- _Recorded data_
* * * * *

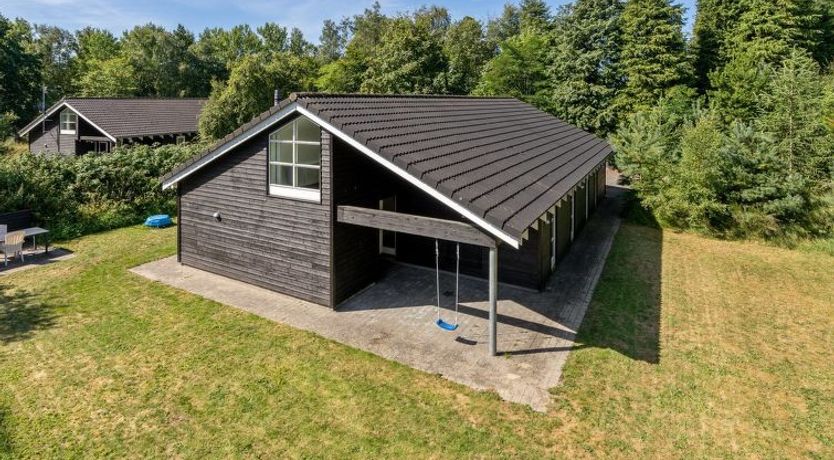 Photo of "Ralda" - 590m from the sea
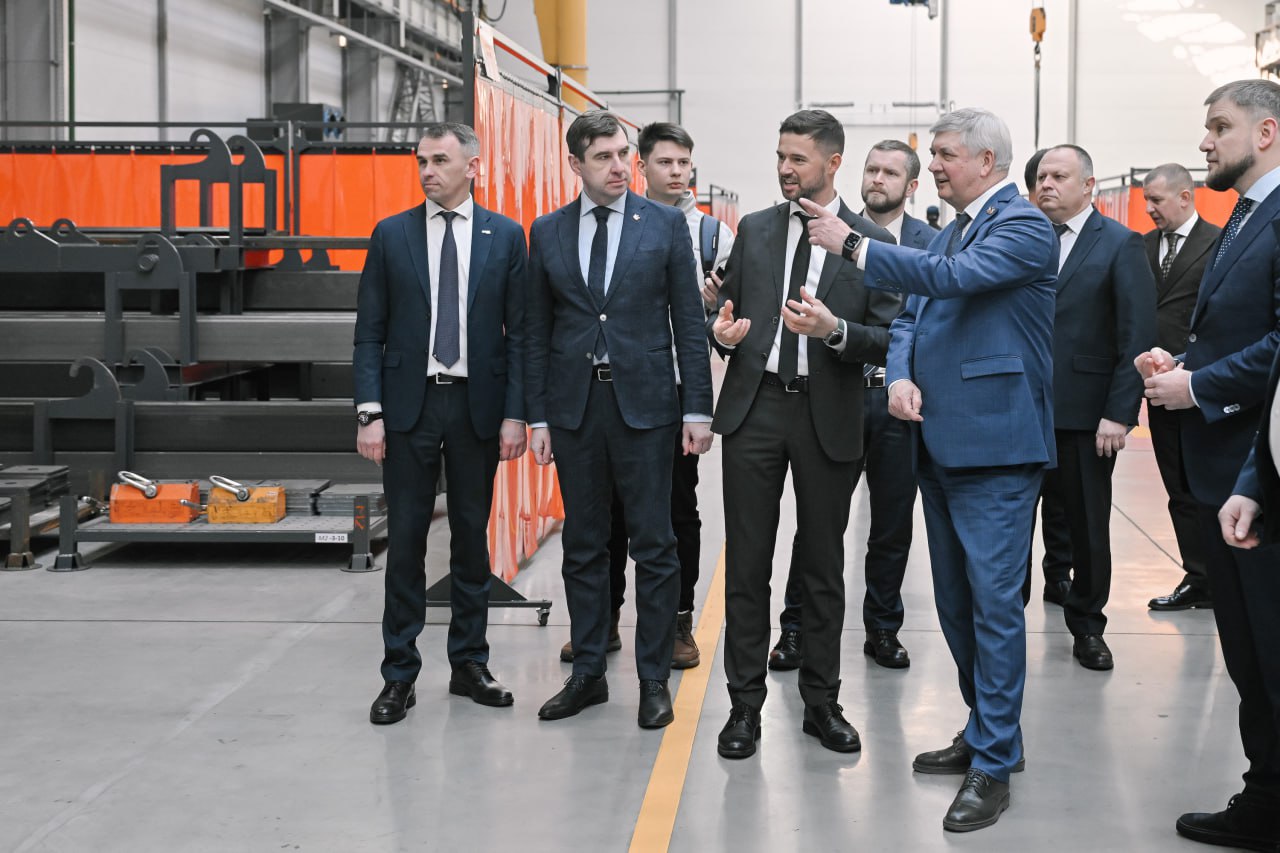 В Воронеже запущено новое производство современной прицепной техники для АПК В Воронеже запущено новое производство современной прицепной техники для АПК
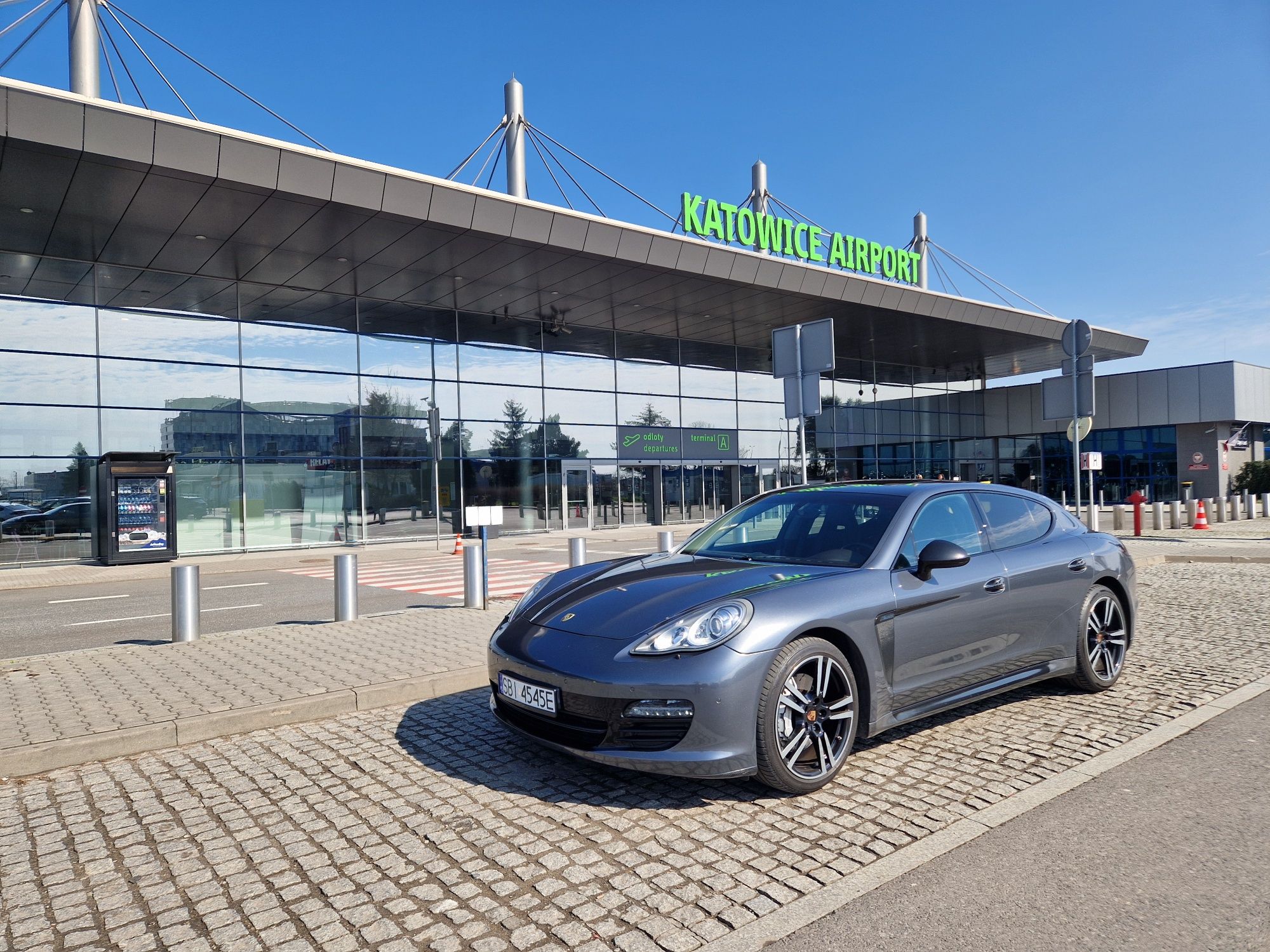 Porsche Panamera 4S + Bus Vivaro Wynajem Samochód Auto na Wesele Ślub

* * * * *

- _Task details_
Pictures aside, reproduce all of the material above without alteration.

- _Response for this exercise_
 Photo of "Ralda" - 590m from the sea
 В Воронеже запущено новое производство современной прицепной техники для АПК В Воронеже запущено новое производство современной прицепной техники для АПК
 Porsche Panamera 4S + Bus Vivaro Wynajem Samochód Auto na Wesele Ślub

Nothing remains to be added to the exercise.